Specifically, how does adding or removing dimensions affect the work done?
Scenario Under Consideration
Analyze the time complexity of the following code snippet.
import numpy as np
arr = np.random.rand(1000, 10)
expanded = np.expand_dims(arr, axis=1)
squeezed = np.squeeze(expanded, axis=1)This code creates a 2D array, adds a new dimension, then removes that dimension.
Identify Repeating Operations
Identify the loops, recursion, array traversals that repeat.
- Primary operation: Creating views of the array shape without copying data.
- How many times: The operations happen once each, no loops over elements.
How Execution Grows With Input
Adding or removing dimensions does not involve touching each element, so the time stays almost the same as input grows.
| Input Size (n) | Approx. Operations |
|---|---|
| 10 | Very few operations, just shape change |
| 100 | Still very few operations, no element-wise work |
| 1000 | Same as before, no increase in element processing |
Pattern observation: The time does not grow with input size because no element-wise processing happens.
Final Time Complexity
Time Complexity: O(1)
This means the time to add or remove a dimension stays constant no matter how big the array is.
Common Mistake
[X] Wrong: "Adding or removing dimensions must take longer for bigger arrays because the data changes."

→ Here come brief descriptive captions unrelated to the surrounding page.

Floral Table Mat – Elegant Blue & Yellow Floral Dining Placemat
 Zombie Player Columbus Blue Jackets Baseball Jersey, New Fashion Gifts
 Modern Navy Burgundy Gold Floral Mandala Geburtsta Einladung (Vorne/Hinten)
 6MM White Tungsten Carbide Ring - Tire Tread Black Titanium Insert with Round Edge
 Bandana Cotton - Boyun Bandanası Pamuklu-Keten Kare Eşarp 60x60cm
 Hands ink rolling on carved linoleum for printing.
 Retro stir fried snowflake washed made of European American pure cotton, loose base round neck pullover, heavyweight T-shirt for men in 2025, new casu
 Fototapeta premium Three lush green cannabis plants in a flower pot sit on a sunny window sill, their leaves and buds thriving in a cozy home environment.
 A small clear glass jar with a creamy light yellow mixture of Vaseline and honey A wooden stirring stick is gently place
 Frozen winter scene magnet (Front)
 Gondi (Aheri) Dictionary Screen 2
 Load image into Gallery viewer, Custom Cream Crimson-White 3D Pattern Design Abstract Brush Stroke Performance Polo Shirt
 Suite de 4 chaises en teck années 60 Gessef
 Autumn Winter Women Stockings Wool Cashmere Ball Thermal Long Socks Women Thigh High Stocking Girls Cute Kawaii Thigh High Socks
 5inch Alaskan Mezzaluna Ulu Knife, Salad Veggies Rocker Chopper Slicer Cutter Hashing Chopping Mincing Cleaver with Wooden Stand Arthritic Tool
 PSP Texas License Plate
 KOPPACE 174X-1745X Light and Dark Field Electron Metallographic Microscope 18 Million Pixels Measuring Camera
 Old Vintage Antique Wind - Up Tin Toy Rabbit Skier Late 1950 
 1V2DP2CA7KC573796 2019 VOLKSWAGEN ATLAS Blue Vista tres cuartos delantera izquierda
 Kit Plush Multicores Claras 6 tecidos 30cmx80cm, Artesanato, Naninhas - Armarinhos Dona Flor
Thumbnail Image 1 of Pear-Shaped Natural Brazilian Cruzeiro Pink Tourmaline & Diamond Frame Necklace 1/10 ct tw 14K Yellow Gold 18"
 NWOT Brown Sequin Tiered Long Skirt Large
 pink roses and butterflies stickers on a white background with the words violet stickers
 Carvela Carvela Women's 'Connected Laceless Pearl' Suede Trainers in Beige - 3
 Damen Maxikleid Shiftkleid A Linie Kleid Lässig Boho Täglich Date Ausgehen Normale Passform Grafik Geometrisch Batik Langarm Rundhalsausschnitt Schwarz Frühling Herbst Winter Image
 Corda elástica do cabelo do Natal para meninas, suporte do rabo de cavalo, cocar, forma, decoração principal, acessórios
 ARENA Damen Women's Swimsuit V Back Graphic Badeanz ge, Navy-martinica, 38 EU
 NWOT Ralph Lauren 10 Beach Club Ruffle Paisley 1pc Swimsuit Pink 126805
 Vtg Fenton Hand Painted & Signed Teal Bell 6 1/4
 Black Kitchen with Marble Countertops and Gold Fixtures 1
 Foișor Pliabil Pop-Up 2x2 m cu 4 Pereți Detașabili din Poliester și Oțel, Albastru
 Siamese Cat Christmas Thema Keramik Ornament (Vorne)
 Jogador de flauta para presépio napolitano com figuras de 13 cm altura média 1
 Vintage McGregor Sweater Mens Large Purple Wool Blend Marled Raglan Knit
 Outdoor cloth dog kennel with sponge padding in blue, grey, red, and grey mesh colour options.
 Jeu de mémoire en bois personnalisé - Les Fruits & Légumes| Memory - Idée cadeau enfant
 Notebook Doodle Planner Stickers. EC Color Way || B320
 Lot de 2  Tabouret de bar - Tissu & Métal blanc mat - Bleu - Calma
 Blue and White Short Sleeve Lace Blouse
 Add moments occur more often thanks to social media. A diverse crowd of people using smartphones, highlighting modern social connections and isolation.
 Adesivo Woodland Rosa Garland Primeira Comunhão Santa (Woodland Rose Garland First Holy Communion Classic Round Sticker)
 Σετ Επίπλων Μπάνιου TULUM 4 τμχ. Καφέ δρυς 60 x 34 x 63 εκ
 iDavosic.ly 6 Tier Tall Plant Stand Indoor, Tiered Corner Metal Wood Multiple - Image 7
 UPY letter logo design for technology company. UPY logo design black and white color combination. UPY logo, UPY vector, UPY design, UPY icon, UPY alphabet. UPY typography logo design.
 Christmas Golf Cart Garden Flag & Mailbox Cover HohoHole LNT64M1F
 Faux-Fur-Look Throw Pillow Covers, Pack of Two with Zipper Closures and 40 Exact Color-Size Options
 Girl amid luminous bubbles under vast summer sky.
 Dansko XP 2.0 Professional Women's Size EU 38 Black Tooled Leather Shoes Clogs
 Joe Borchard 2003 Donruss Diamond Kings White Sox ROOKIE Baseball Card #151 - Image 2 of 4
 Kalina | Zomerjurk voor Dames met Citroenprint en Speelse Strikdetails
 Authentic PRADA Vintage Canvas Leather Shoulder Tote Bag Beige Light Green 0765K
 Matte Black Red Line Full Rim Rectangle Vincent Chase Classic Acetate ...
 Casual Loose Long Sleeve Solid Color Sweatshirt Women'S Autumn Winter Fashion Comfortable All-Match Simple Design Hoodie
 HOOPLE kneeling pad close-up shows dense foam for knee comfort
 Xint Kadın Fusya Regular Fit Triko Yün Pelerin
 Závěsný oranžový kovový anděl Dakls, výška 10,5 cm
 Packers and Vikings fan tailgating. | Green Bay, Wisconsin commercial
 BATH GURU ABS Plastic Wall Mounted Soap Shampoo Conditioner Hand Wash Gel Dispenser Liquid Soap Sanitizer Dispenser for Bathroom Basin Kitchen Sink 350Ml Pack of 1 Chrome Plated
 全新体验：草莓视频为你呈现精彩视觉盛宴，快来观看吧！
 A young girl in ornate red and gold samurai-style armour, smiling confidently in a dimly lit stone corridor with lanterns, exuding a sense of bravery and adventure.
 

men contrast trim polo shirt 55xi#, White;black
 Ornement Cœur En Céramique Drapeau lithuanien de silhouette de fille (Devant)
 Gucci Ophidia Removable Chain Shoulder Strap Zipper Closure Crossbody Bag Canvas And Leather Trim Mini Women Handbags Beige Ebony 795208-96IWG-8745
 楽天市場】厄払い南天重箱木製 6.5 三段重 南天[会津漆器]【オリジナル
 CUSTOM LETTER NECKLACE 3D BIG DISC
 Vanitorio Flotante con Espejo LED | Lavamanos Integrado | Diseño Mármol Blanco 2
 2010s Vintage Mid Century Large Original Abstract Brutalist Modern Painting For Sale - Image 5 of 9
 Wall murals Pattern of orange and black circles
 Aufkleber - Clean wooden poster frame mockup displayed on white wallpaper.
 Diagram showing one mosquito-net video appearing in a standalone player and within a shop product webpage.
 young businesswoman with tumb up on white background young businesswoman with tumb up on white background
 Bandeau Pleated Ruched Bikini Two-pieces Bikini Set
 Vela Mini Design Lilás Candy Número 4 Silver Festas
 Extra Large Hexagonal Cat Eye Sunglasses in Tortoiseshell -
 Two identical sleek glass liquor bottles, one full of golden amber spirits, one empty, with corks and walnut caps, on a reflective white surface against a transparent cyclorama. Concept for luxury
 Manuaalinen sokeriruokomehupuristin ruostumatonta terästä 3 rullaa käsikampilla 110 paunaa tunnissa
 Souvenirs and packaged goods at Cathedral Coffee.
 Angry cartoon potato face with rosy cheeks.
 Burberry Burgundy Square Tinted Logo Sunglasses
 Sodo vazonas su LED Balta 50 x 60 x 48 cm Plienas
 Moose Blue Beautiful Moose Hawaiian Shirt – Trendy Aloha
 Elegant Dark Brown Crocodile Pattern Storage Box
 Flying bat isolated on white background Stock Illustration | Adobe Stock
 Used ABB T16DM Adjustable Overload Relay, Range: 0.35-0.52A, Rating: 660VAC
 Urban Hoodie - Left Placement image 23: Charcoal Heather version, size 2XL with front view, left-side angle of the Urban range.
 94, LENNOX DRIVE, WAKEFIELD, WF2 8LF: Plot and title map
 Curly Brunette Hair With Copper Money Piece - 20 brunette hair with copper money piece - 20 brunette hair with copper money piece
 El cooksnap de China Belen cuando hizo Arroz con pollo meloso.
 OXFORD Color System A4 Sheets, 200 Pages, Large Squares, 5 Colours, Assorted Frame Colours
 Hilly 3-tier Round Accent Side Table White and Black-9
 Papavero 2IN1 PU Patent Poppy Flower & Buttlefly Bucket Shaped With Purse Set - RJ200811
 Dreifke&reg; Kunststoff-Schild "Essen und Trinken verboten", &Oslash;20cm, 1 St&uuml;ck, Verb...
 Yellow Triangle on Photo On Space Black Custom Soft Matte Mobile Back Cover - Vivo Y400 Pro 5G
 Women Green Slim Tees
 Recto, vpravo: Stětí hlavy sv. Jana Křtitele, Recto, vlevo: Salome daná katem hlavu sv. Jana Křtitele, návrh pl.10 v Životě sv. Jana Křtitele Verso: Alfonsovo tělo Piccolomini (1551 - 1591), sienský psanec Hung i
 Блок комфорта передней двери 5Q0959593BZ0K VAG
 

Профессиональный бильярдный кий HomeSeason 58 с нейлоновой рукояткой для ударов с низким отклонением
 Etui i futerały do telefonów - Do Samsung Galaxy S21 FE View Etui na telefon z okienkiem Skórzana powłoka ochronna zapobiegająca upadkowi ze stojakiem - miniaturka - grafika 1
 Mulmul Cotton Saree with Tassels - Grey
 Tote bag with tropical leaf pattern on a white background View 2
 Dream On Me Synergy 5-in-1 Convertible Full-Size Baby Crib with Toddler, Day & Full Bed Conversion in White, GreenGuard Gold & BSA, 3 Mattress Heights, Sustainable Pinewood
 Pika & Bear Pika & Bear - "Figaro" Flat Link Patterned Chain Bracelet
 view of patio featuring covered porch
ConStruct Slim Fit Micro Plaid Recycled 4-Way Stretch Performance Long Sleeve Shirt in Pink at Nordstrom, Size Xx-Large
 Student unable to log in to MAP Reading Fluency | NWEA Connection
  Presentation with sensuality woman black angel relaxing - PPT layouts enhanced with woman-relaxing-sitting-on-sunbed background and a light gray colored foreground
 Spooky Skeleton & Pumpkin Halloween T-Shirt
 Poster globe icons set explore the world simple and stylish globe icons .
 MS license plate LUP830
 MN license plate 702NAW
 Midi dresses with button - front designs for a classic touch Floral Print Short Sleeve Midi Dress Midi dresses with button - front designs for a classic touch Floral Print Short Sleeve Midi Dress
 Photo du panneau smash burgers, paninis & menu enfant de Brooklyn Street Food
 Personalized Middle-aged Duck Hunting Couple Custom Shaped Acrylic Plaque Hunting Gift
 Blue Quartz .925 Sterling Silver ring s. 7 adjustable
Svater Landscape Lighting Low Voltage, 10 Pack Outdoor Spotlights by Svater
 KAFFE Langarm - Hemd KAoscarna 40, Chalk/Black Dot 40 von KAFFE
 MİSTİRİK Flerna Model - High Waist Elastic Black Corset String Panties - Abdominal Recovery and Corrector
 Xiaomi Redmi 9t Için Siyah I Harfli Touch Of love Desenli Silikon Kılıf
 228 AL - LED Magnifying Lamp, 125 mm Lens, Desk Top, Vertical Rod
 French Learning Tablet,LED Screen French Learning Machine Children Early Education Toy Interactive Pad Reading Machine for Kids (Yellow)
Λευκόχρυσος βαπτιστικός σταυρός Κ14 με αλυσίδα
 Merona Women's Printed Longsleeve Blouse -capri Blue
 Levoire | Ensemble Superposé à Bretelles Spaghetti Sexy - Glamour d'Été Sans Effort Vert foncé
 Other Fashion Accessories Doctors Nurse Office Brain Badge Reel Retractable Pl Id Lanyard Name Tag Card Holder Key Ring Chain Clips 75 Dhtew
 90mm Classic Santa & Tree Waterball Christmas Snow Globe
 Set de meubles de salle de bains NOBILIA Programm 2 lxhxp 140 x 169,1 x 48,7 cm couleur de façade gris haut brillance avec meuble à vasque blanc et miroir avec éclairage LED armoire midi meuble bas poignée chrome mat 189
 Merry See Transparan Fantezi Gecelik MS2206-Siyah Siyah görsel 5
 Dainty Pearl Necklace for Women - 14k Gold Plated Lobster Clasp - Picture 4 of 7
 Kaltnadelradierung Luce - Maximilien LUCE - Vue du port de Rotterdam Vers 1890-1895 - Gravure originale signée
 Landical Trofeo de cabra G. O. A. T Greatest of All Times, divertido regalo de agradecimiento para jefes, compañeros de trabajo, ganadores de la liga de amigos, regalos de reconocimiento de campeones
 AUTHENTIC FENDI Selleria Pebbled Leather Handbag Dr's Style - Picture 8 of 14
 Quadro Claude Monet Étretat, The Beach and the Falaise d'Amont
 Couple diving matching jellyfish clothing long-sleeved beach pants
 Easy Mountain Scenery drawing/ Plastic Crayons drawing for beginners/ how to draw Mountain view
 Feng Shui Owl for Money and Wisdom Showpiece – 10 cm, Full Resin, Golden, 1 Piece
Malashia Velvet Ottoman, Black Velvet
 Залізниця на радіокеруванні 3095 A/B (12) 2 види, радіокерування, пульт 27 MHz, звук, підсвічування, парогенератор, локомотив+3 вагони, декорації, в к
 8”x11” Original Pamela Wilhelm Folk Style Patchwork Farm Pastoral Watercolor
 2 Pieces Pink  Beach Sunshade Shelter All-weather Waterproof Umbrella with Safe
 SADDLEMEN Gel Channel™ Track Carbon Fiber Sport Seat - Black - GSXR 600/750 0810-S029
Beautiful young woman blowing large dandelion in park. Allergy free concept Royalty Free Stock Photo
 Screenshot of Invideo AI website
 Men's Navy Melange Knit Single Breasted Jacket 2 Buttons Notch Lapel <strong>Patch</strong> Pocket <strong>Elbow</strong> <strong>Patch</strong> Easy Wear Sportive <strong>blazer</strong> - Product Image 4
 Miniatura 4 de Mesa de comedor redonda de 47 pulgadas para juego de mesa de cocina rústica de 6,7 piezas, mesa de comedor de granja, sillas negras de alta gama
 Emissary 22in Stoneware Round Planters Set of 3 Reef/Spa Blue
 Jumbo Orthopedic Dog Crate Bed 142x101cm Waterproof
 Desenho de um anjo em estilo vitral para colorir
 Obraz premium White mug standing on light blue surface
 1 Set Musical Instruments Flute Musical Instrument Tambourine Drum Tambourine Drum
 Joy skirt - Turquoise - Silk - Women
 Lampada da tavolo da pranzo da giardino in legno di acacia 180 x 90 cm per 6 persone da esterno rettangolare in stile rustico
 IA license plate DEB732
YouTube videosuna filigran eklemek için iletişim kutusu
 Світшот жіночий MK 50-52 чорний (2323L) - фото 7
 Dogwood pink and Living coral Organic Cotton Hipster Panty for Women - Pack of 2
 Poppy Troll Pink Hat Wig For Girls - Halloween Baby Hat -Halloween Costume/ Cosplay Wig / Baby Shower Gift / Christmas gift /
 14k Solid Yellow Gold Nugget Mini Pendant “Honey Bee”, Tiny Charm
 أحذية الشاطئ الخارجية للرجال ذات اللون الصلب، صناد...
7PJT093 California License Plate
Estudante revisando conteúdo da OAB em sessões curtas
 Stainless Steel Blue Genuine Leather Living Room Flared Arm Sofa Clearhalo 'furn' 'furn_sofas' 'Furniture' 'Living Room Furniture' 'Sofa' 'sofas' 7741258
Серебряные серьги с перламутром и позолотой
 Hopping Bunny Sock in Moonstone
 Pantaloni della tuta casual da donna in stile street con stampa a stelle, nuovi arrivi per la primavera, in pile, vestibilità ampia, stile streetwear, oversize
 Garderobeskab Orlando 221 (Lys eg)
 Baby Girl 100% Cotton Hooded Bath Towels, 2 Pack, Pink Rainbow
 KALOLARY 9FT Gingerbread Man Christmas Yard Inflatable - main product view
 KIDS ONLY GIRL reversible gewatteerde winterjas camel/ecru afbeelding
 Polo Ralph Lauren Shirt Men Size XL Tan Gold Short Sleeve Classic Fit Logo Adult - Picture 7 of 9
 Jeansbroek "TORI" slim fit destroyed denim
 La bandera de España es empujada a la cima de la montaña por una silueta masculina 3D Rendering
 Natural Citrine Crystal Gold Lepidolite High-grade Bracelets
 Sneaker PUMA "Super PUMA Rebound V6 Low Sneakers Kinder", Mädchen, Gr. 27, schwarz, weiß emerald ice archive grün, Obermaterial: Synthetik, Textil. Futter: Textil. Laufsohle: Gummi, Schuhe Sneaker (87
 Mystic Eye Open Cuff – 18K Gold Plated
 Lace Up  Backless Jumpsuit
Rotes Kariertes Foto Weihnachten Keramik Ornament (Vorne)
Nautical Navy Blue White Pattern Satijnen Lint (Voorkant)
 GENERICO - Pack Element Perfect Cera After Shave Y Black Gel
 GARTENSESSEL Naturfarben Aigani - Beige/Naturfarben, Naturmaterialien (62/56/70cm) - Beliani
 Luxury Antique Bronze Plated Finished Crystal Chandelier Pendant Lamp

[OK] Correct: These functions only change the shape metadata, not the actual data, so the time does not depend on array size.
Interview Connect
Knowing that some numpy operations are just shape changes helps you explain efficient data handling in real projects.
Self-Check
"What if we used a function that copies the array data instead of just changing shape? How would the time complexity change?"